# What this task involves
Please return each entry that follows exactly as given, but without pictures.

━━━━━━

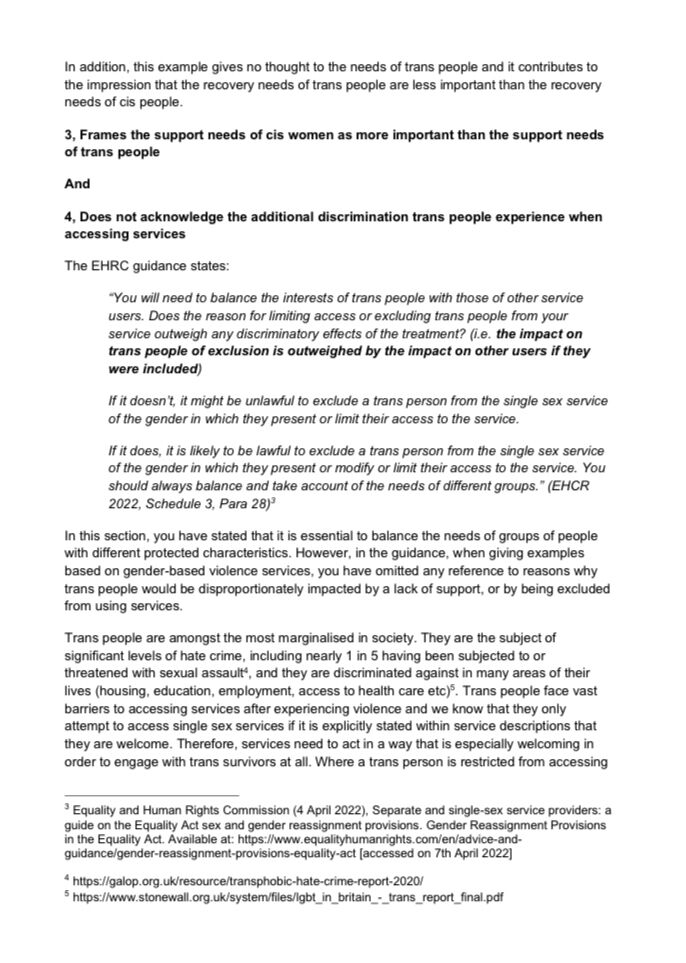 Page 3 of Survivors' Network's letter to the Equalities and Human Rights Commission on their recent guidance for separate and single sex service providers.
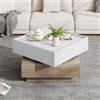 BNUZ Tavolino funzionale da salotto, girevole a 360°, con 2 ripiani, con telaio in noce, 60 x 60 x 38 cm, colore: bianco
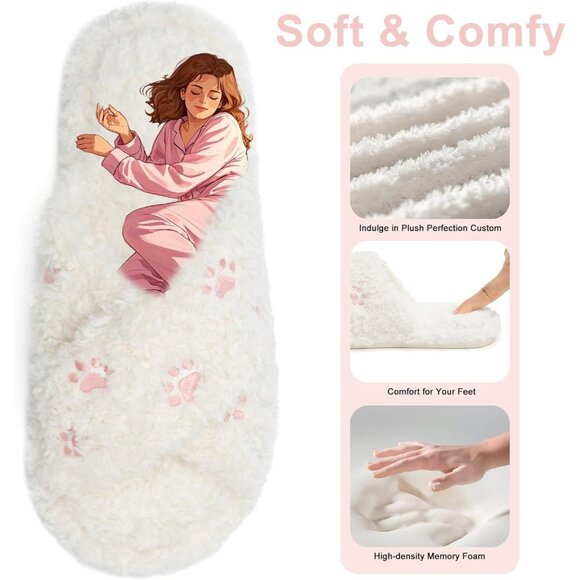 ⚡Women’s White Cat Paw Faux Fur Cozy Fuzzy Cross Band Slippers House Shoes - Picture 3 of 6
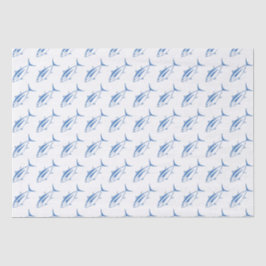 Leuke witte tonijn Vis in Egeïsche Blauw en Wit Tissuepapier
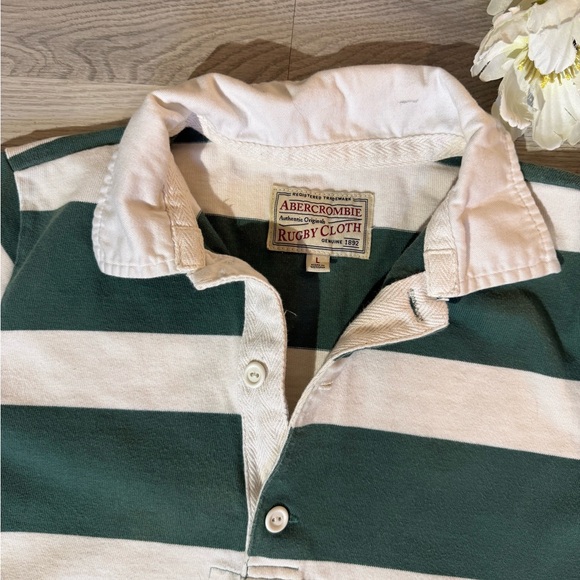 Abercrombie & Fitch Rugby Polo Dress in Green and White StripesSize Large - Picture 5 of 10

━━━━━━

# Answer area
 Page 3 of Survivors' Network's letter to the Equalities and Human Rights Commission on their recent guidance for separate and single sex service providers.
 BNUZ Tavolino funzionale da salotto, girevole a 360°, con 2 ripiani, con telaio in noce, 60 x 60 x 38 cm, colore: bianco
 ⚡Women’s White Cat Paw Faux Fur Cozy Fuzzy Cross Band Slippers House Shoes - Picture 3 of 6
 Leuke witte tonijn Vis in Egeïsche Blauw en Wit Tissuepapier
 Abercrombie & Fitch Rugby Polo Dress in Green and White StripesSize Large - Picture 5 of 10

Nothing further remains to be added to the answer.